In subsequent chapters, you will travel with Whyte through the works of the still mysterious author of the 1500-year-old English poem, Beowulf, as he addresses power and vulnerability at work. Whyte uses the story to illustrate many of his interpretations of the human call for vulnerability and the difficulties we all face entering this domain. He retells the story of descent into the waters of the unconscious through the characters of Beowulf, Grendel, and of course, the mother of Grendel. He beautifully uses the ancient poem as a metaphor to reflect on the challenges of authenticity and stepping figuratively into the ‘deep water’ despite our fears. This story becomes the entry point for his entreaties to embrace the soul at work and in living fully.

He follows this with chapters entitled Fire in the Earth, Toward a Grounded Creativity; Fire in the Voice, Speaking Out at Work; Fionn and the Salmon of Knowledge, Innocence, and Experience in Corporate America; Taking the Homeward Road, The Soul at Midlife; Coleridge and Complexity, Facing What is Sweet and What is Terrible; and The Soul of the World, Toward an Ecological Imagination.

David Whyte takes us on a magnificent journey, using his poetry and that of so many greats of the past, as he focuses on how to preserve the soul in corporate America. While we have made much progress over these past three decades, there is much work for us to do. 

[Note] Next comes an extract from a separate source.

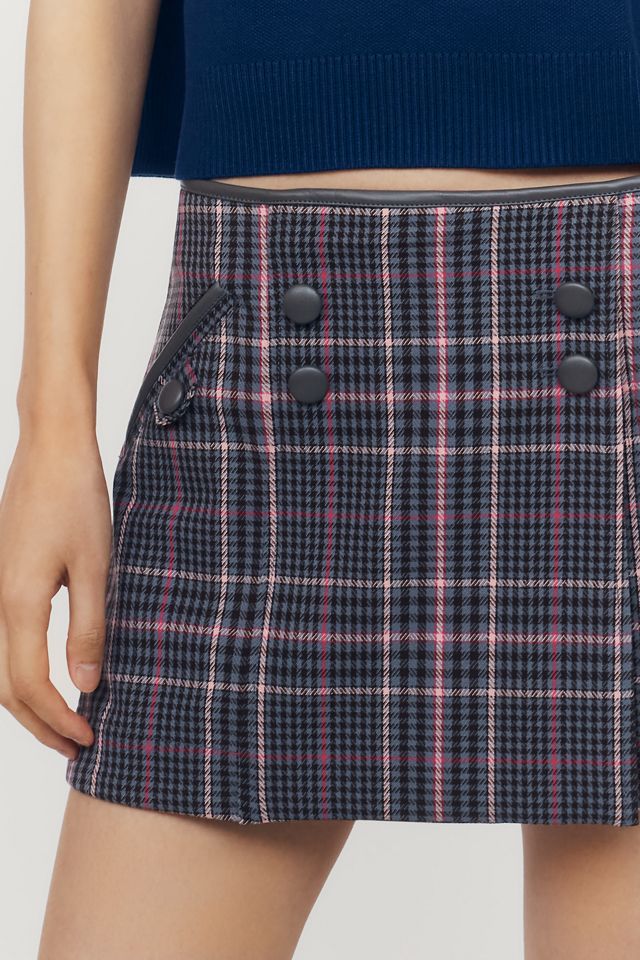 Maeve Pleated Mini Skirt #1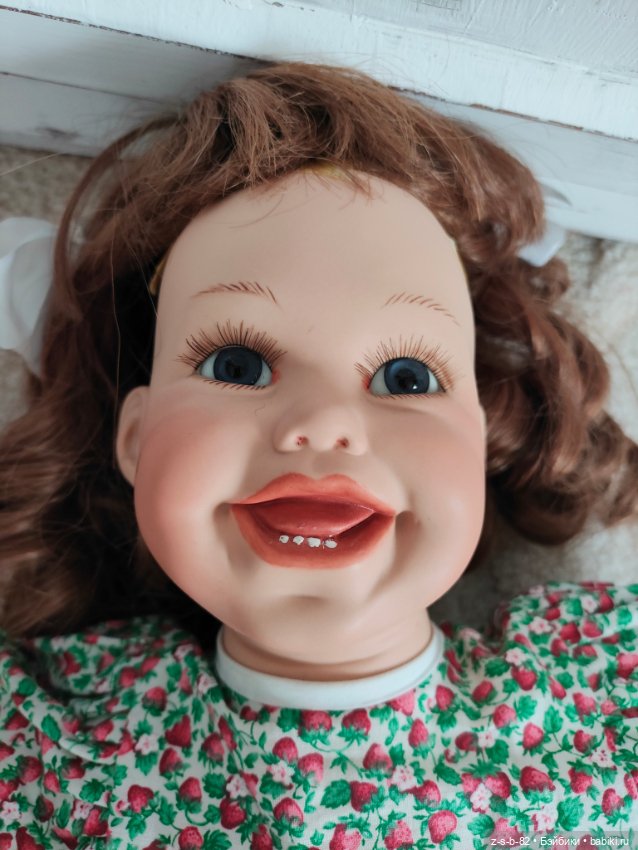 Авторская очаровашка по молду Cindy Marschner Rolfe, Синди Рольф (фото 4)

Reflecting on our current times, the ‘age of resignation,’ and the other challenges facing corporate entities today, his voice seems quite relevant as he advises that “preserving the soul in corporate America means reclaiming all of those human soul qualities sacrificed on the altar of organizational survival. In the very act of reclaiming them, the personal interior struggle becomes an outer political action. There is nothing more transforming to the workplace than the thousands of daily decisions now being made that put soul-life above the abstracts of corporate life. Many now refuse the wrenching transfers that were necessary to advancement.  Many ignore the constant demands for more and more of their time that robs their families of their presence. Those corporations riding the wave of this change are the ones that understand that this birthright reclamation on the part of their employees as being just as necessary for the corporation as it is for the individuals who make it up.” 

We have much to learn and re-learn from this original work, and I hope you accept the invitation to read this one and join him and so many others now on this journey of bringing our full selves to the work we do and of creating the cultures that allow everyone to do just this.